What's the opinion of the other library authors?

On color spaces... I'm one of those 'experts' the HN thread is complaining about :)

If the user is doing complex image operations in a color accurate space, they're going to be using, most likely OpenEXR, because the values are important, as is the colorimetric information, and there's a lot more information that needs to be stored beyond color space (as is pointed out in the HN thread).

The intent of QOI is fast compress/decompress of data, obviously in a real time context.

The data QOI is going to be used with is therefore going to be either linear or SRGB. Drawing a line on the sand on those two seems like a clear, useful, choice.

There's a rub though. It's normal to store linear alpha with sRGB data. Also, it's common to store linear data in color channels, for example, in a normal map or other material input such as "metalness" in a typical PBR set up.

I propose that it makes sense to simply make the rule that individual channels are either linear-and-user-interpreted, or sRGB-with-gamma, and have the format include a byte with a bitmask indicating which channel is which.
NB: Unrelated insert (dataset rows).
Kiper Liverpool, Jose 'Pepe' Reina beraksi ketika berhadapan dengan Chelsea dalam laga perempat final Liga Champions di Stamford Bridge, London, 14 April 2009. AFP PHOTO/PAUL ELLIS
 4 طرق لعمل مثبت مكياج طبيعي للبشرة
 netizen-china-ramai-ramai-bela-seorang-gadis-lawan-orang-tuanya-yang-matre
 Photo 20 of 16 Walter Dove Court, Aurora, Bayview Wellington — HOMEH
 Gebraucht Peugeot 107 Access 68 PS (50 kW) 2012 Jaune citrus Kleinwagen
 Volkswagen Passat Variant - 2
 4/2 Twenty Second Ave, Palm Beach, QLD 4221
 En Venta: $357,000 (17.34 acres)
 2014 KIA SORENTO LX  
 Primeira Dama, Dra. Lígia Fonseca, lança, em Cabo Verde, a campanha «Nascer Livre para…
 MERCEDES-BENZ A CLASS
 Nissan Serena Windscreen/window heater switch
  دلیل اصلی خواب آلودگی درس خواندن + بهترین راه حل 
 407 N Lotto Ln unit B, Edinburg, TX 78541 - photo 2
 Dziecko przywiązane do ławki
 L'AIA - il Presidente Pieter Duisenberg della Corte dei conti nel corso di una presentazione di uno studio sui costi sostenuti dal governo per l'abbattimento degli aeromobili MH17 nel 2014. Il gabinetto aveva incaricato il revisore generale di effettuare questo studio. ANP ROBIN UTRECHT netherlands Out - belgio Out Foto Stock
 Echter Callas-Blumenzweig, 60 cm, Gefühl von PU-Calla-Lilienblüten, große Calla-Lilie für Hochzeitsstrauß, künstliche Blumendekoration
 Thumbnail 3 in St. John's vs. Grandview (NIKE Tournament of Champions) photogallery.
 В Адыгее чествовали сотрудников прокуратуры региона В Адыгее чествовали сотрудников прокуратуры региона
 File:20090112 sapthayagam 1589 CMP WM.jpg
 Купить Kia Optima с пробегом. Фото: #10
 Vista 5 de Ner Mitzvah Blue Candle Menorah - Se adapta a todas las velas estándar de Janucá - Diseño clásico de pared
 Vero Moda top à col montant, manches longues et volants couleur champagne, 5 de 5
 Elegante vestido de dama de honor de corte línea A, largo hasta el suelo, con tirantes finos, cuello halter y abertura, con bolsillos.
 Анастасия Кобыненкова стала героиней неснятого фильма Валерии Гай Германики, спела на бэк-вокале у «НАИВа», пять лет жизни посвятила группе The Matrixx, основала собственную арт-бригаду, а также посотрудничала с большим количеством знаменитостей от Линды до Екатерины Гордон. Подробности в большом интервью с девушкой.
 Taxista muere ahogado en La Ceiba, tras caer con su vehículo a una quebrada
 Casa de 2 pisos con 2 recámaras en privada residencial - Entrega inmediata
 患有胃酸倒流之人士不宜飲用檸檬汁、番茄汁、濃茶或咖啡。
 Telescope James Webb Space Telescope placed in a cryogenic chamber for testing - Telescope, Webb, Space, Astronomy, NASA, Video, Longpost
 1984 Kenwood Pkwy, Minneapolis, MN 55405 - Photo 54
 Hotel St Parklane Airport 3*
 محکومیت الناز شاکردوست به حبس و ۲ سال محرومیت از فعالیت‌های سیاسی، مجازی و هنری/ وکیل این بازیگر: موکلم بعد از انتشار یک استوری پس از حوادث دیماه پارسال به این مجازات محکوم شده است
I also propose that a bit of 0 would mean gamma, and 1 linear, and ordered such that the A channel lands in the LSB. A mask of 0 therefore might mean all gamma, and a mask of 1 would mean sRGB and linear alpha, regardless of the number of channels. That would make the two most common combinations result in a byte of zero and one, for any number of channels with alpha. The conciseness of only needing to care about zero or one in general appeals to me.

Color differences (QOI_DIFF_*) should be stored as two's-complement.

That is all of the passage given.